▸ **Problem details**: Print nothing except the lines of the listing below from the line with "Garden Tree Bark" to the line with "ελαφρύ τριαντάφυλλο είδη", each exactly as written, both ends included.

▸ **Records to process**:
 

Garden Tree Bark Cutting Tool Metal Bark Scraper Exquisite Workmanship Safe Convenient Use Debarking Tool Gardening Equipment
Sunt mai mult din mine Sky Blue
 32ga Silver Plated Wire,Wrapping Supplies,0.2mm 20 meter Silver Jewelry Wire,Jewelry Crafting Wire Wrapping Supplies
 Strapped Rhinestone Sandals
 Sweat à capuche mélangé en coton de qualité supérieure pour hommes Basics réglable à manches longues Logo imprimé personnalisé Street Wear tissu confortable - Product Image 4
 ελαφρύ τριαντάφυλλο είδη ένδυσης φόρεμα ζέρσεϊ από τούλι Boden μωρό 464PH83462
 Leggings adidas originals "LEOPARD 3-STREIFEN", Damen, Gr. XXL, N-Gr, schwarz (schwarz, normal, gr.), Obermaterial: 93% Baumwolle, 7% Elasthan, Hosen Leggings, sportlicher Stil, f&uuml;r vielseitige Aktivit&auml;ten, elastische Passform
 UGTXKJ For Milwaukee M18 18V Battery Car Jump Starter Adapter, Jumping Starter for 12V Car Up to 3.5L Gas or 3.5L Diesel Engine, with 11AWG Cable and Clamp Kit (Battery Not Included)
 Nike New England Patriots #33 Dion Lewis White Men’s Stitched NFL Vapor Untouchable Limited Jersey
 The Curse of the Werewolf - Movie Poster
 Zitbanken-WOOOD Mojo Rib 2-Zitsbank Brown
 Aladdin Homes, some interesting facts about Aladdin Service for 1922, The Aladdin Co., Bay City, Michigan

...

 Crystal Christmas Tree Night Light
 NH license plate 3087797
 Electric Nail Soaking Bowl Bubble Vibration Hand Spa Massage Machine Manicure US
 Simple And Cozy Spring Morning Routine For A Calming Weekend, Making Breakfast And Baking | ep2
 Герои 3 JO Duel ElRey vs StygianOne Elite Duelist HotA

▸ **Output of the task**:
Garden Tree Bark Cutting Tool Metal Bark Scraper Exquisite Workmanship Safe Convenient Use Debarking Tool Gardening Equipment
Sunt mai mult din mine Sky Blue
 32ga Silver Plated Wire,Wrapping Supplies,0.2mm 20 meter Silver Jewelry Wire,Jewelry Crafting Wire Wrapping Supplies
 Strapped Rhinestone Sandals
 Sweat à capuche mélangé en coton de qualité supérieure pour hommes Basics réglable à manches longues Logo imprimé personnalisé Street Wear tissu confortable - Product Image 4
 ελαφρύ τριαντάφυλλο είδη ένδυσης φόρεμα ζέρσεϊ από τούλι Boden μωρό 464PH83462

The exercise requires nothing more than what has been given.